Web page caption snippets ▸
━━━━━━━━━━
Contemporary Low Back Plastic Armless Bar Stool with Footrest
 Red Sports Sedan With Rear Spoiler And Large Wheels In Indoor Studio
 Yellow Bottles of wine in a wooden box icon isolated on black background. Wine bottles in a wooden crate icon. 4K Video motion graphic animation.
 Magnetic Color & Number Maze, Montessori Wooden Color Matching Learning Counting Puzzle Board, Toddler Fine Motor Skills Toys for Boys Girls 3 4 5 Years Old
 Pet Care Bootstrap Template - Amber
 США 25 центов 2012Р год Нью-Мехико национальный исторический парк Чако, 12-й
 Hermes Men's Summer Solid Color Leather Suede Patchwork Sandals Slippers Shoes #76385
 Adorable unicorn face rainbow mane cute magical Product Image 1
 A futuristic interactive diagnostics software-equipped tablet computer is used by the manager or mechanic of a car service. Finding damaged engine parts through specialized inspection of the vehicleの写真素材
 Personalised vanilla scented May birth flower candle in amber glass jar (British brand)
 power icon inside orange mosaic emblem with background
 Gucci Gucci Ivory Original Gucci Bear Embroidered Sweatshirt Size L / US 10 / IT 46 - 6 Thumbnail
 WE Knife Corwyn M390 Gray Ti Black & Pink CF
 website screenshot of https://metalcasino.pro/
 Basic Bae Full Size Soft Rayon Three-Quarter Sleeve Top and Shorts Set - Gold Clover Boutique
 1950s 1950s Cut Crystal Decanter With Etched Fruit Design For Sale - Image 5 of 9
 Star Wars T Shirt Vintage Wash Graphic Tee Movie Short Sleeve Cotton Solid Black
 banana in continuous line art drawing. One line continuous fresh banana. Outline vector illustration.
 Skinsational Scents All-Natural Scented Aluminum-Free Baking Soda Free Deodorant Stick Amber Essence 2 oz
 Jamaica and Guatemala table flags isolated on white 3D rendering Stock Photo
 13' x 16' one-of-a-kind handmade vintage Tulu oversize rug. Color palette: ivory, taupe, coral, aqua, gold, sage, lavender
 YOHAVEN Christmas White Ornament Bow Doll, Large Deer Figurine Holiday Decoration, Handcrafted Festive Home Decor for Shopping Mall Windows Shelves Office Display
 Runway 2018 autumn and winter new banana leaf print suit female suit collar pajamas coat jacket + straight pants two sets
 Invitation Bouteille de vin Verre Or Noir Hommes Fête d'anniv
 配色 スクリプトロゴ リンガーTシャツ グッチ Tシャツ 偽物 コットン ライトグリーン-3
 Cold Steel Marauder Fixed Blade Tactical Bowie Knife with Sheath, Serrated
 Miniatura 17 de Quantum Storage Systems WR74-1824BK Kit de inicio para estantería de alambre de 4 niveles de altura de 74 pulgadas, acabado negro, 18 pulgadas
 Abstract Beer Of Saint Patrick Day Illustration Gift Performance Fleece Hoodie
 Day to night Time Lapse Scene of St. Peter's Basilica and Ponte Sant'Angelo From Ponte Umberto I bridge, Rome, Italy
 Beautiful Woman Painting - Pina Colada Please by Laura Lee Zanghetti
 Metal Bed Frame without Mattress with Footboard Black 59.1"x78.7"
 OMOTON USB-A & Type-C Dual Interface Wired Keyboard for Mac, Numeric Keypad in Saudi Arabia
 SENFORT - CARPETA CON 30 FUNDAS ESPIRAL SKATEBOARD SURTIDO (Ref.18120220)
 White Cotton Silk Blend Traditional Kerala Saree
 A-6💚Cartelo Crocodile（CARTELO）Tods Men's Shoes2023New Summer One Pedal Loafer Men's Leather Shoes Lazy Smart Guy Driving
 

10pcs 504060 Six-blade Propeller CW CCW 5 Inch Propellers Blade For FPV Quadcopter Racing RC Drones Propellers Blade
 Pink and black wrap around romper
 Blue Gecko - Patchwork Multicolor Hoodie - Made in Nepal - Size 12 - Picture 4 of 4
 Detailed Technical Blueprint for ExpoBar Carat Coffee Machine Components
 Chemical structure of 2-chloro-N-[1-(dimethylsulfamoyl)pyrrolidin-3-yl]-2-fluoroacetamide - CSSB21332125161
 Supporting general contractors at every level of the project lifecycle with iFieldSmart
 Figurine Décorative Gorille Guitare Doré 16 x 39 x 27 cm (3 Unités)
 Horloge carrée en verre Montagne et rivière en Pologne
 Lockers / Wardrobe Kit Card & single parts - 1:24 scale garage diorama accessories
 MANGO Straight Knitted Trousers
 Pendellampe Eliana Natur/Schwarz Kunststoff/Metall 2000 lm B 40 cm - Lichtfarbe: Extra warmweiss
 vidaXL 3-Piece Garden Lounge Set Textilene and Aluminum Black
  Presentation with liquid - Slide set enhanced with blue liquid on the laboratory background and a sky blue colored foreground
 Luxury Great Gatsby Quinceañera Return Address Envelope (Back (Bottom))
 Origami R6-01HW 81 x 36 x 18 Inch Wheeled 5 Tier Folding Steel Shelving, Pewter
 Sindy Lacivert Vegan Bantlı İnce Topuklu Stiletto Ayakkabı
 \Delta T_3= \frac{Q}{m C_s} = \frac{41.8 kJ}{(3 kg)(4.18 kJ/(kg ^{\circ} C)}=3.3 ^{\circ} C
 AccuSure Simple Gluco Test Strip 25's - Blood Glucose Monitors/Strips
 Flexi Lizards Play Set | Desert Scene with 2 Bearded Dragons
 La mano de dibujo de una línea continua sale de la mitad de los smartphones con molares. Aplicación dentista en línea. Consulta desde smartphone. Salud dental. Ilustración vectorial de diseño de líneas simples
━━━━━━━━━━
Restate exactly the records above from their first line through the line that holds "Jamaica and Guatemala", please, including both and leaving out all others.

Completed exercise ▸
Contemporary Low Back Plastic Armless Bar Stool with Footrest
 Red Sports Sedan With Rear Spoiler And Large Wheels In Indoor Studio
 Yellow Bottles of wine in a wooden box icon isolated on black background. Wine bottles in a wooden crate icon. 4K Video motion graphic animation.
 Magnetic Color & Number Maze, Montessori Wooden Color Matching Learning Counting Puzzle Board, Toddler Fine Motor Skills Toys for Boys Girls 3 4 5 Years Old
 Pet Care Bootstrap Template - Amber
 США 25 центов 2012Р год Нью-Мехико национальный исторический парк Чако, 12-й
 Hermes Men's Summer Solid Color Leather Suede Patchwork Sandals Slippers Shoes #76385
 Adorable unicorn face rainbow mane cute magical Product Image 1
 A futuristic interactive diagnostics software-equipped tablet computer is used by the manager or mechanic of a car service. Finding damaged engine parts through specialized inspection of the vehicleの写真素材
 Personalised vanilla scented May birth flower candle in amber glass jar (British brand)
 power icon inside orange mosaic emblem with background
 Gucci Gucci Ivory Original Gucci Bear Embroidered Sweatshirt Size L / US 10 / IT 46 - 6 Thumbnail
 WE Knife Corwyn M390 Gray Ti Black & Pink CF
 website screenshot of https://metalcasino.pro/
 Basic Bae Full Size Soft Rayon Three-Quarter Sleeve Top and Shorts Set - Gold Clover Boutique
 1950s 1950s Cut Crystal Decanter With Etched Fruit Design For Sale - Image 5 of 9
 Star Wars T Shirt Vintage Wash Graphic Tee Movie Short Sleeve Cotton Solid Black
 banana in continuous line art drawing. One line continuous fresh banana. Outline vector illustration.
 Skinsational Scents All-Natural Scented Aluminum-Free Baking Soda Free Deodorant Stick Amber Essence 2 oz
 Jamaica and Guatemala table flags isolated on white 3D rendering Stock Photo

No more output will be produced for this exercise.